INFORMATION PROVIDED:

════════════════

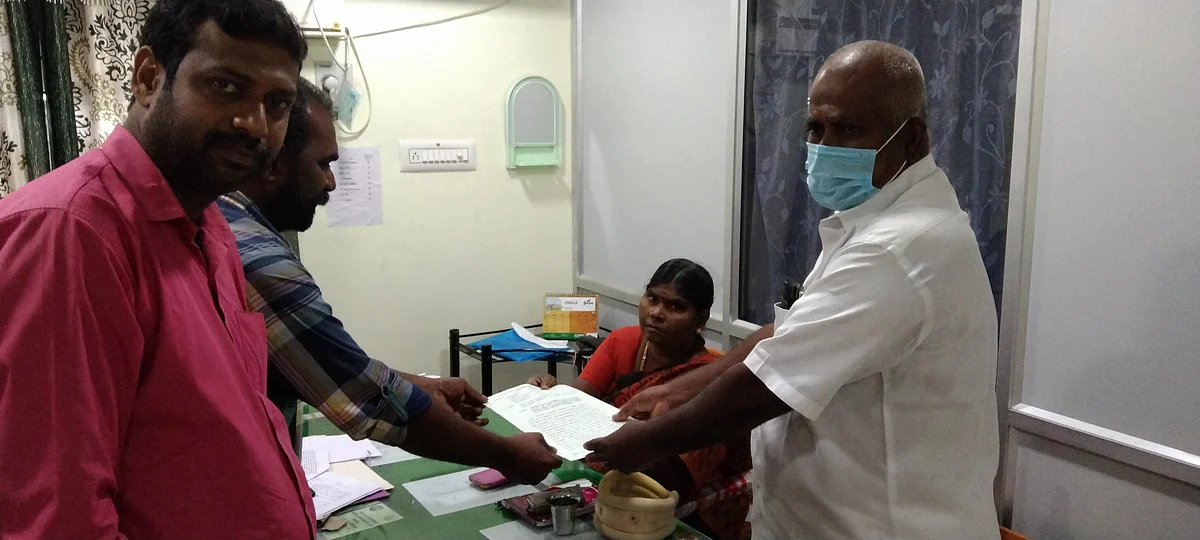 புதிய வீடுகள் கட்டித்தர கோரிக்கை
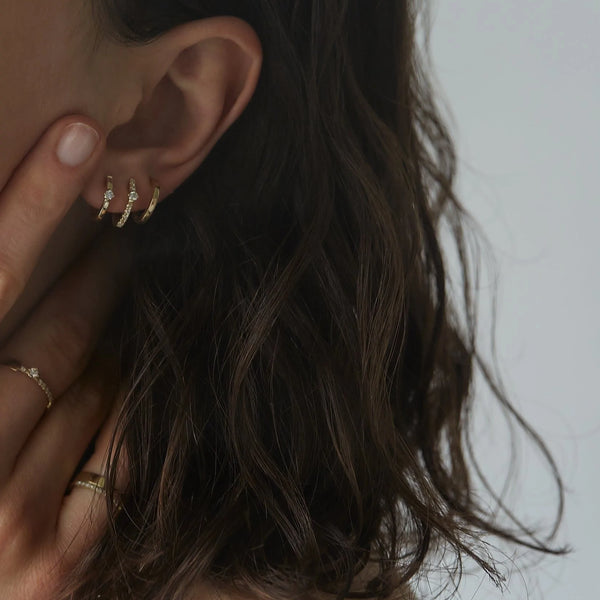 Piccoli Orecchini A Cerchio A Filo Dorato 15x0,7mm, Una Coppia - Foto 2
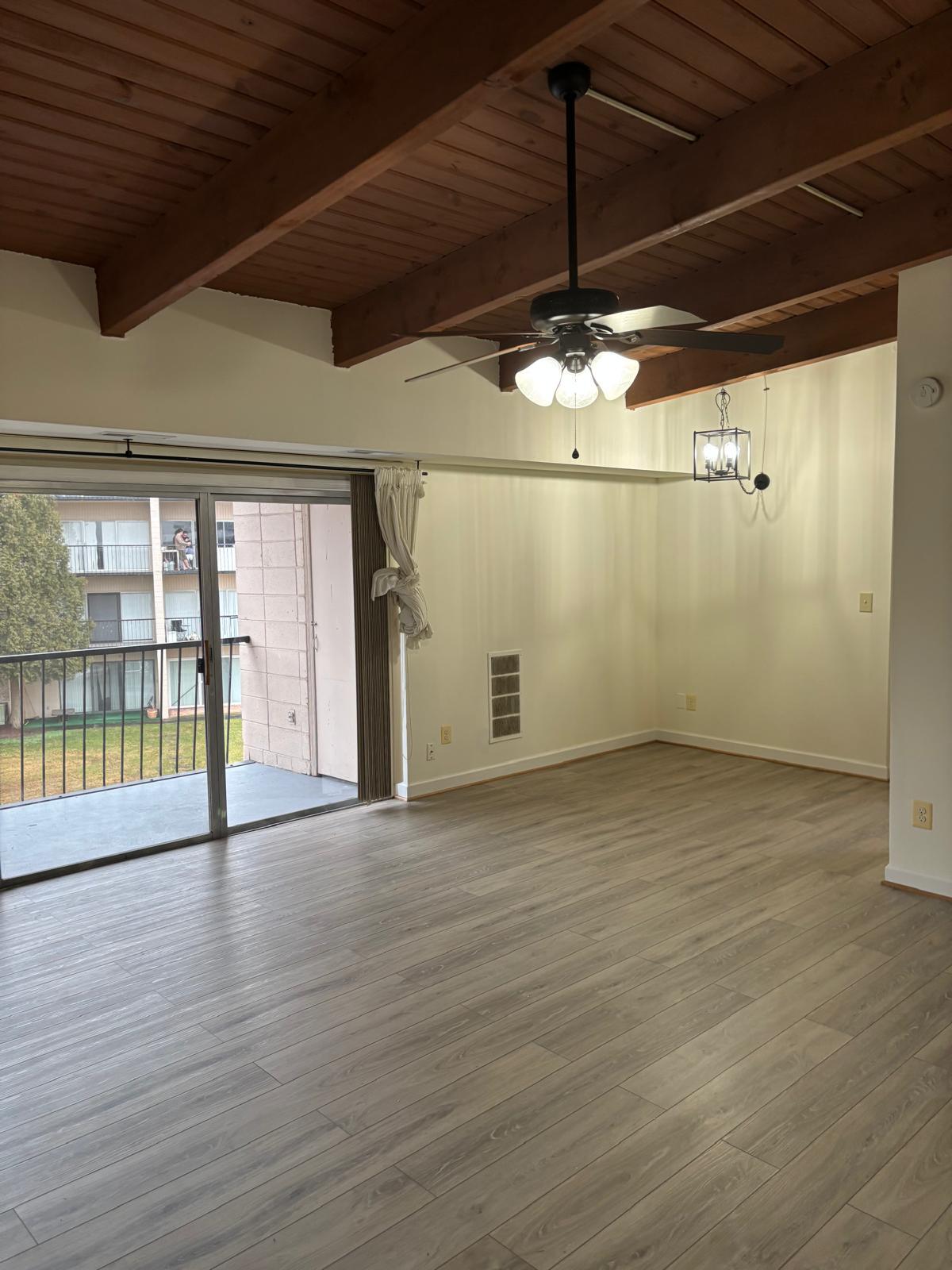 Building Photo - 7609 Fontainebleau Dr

════════════════

TASK OBJECTIVE: Line by line, output the material above exactly, passing over the pictures.

RESPONSE TO THE EXERCISE:
 புதிய வீடுகள் கட்டித்தர கோரிக்கை
 Piccoli Orecchini A Cerchio A Filo Dorato 15x0,7mm, Una Coppia - Foto 2
 Building Photo - 7609 Fontainebleau Dr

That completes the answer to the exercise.